16 weeks… 113 days… 2712 hours… 162,720 minutes. Time continues to pass by at the speed of light, yet sometimes it feels as though the clock remains stuck on 11.
It’s hard to comprehend that it has been 16 weeks on Saturday since my darling mum left the Earth for a much better place. People keep saying that time is a great healer, but to be honest, the pain seems to worsen as time goes on. I seem to be stumbling through life at the moment trying to do all the things I need to do, still trying to find my spark which went the day I lost my best friend. Some days are better than others, but the smile, laugh and ‘getting on with it’ attitude is entirely a facade.
Last weekend, I was going through mum’s drawers and found these two cards wrapped up together, which I’ve never seen before. I took it as a sign from mum, but it hit me like a ton of bricks – that overwhelming feeling of grief. I cried and cried, overwhelmed with the thought of never seeing her smiling face again. It hurts so, so much.
While I’m reluctantly accepting this new, strange and uncomfortable life without mum’s physical presence, I’ve also accepted the fact that I’m never going to get over losing mum. Others say they do, but I know I won’t – especially with the relationship that we had. She waited so long for me to enter her life, and I only wish that I had her for longer in mine – though no time would ever be long enough.
I’m lucky and blessed to have a close group of family and friends I can call upon anytime of the day, and many other people who have been so kind to me. In one sense it helps, but in another it doesn’t. As the door closes and I come home, the place feels empty. I feel empty. Life feels so lonely.
Work keeps me busy, and at times it is the last thing I want to do, but it does help as a distraction. Yet, sometimes, it feels as though I’m drowning. I’ve certainly contributed to some of the wet weather we’ve seen recently too. The tears come when you least expect them – when I hear a song, or watch a film, or visit somewhere we both used to love. There have been tears on planes, trains, in the car, in the shops, and in restaurants, and I’m sure there’ll be many more of those too.
Aside from the overwhelming sadness and grief which has consumed me, I’ve also experienced anger and resentment at a totally new level. Not just towards the fact that I’ve lost my mum, but when I see others treating their loved ones badly. So many other people, many years older than me, are so, so privileged to still have their mums on this Earth, yet seem so wrapped up with their own agendas that they forget about them – and that makes me incredibly angry. I would do anything to have my mum back, and I wish others realised how lucky they are before it’s too late.

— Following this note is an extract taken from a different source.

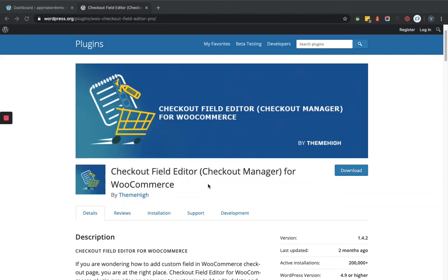Hello and welcome to the channel that is all about WordPress. Today we will learn how the Checkout Field Editor and Checkout Manager for WooCommerce plugin can be set up. If you are looking to add custom fields within the checkout page, or if you want to disable some of the default fields within the billing, shipping, or additional information sections, then this plugin is perfect for your requirement.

Grief also makes you do strange things – well, you may say strange, I don’t think they are. Just like when she was here, I talk to mum all of the time – in my head and out aloud. It’s the only thing that helps – to keep her alive in my heart, soul and mind. I still keep picking up my phone when I’m out to call her – a habit that will take some time to not do; just like when I’m stuck, and I would turn to mum and say, ‘what should I do?’ I still do it, but hearing her answer is harder than before.
One attitude which has changed since mum passed away is actually something I think she’d be rather pleased at. I’ve always been a perpetual worrier – to the surprise of many! However, a lot of those worries and anxieties have gone, quite literally. I care deeply about a lot of things, but then for a lot of other things, I’ve come to the conclusion that I really don’t give one anymore! Nothing seems to phase me now. The worst thing that could possibly happen to me, has happened. So whatever else life has to throw at me, it can gladly do so, and I’ll greet it with open arms… or a baseball bat!

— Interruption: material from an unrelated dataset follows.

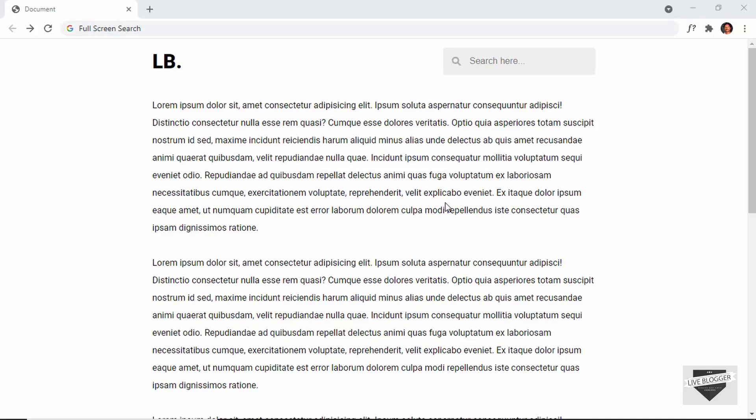Hi everybody, welcome to live blogger. In this video, I'll show you how to create a full screen search bar for your website.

I’ve tried to write, but I’ve struggled over the last few months, particularly about mum. I only need to write ‘mum’ and there are tears rolling down my face. However, I’m determined to write more about my incredible mum, and the beautiful person she was and always will be, as well as all of the things which have happened to us as a family and the things I want to change in the world. So this is a start, at least. Because, everything I do will always be for you, mum – and I hope it makes you proud.
A mother is your first friend, your best friend, your forever friend.”